Captioned web images:
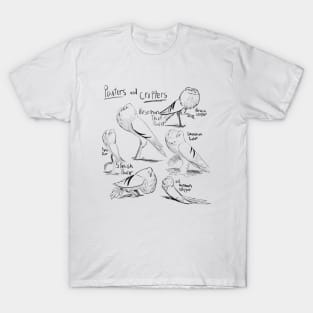 Pouter and Cropper Pigeons T-Shirt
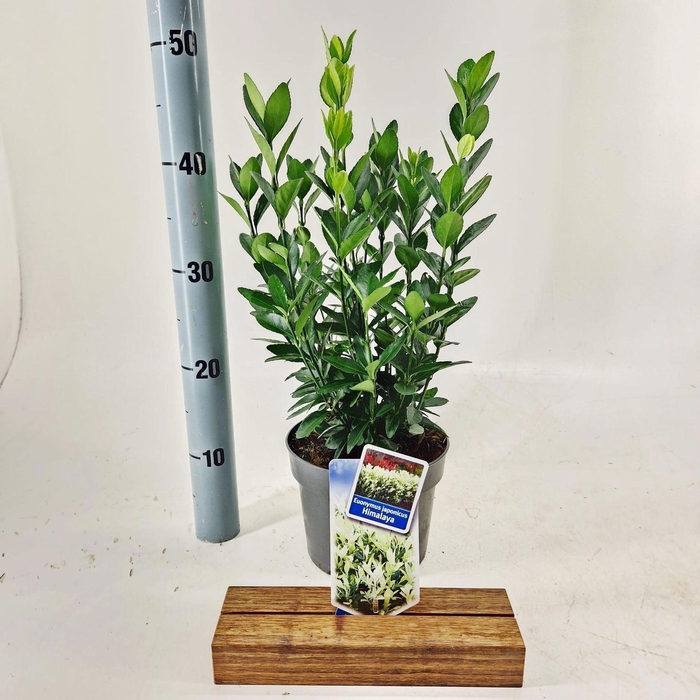 <h4>Euonymus japonicus Himalaya</h4>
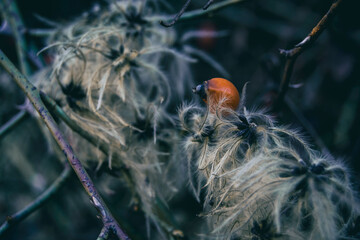 red fruit of rosa canina in winter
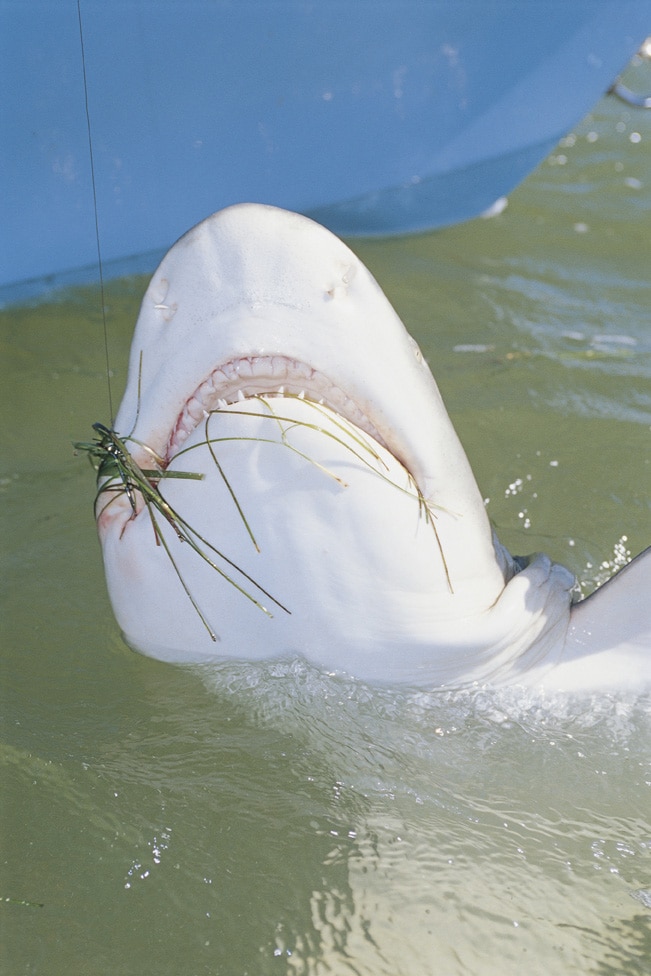 lemon_shark_florida_bay_florida.jpg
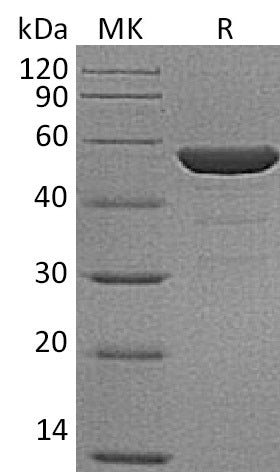 Recombinant Human ENO2 (N-6His)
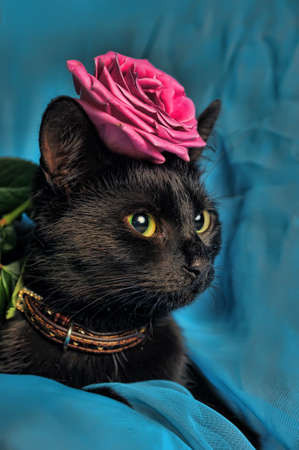 Black cat with a rose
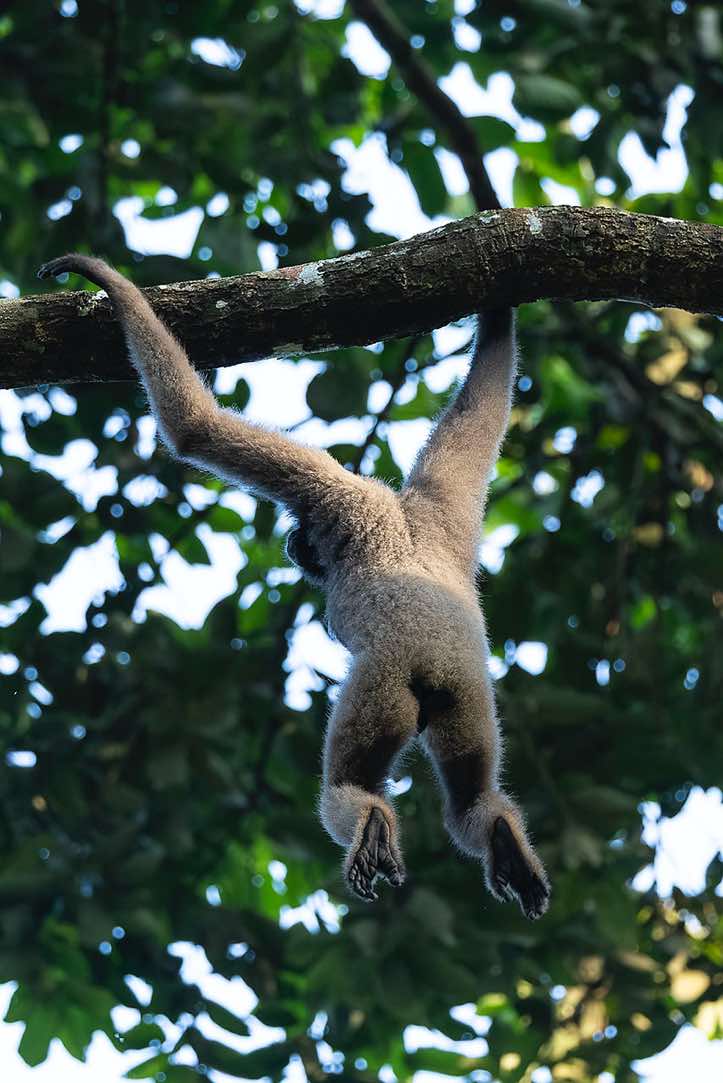 Müller's Gibbon (Hylobates muelleri), or Southern Grey Gibbon, Tabin Wildlife Reserve, Sabah, Borneo
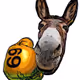 Donkey69Puncher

_Problem_
Lines starting at the one with "red fruit of rosa canina in winter" and ending at the last line of the entries above must be restated word for word, with pictures omitted.

_Result below_
 red fruit of rosa canina in winter
 lemon_shark_florida_bay_florida.jpg
 Recombinant Human ENO2 (N-6His)
 Black cat with a rose
 Müller's Gibbon (Hylobates muelleri), or Southern Grey Gibbon, Tabin Wildlife Reserve, Sabah, Borneo
 Donkey69Puncher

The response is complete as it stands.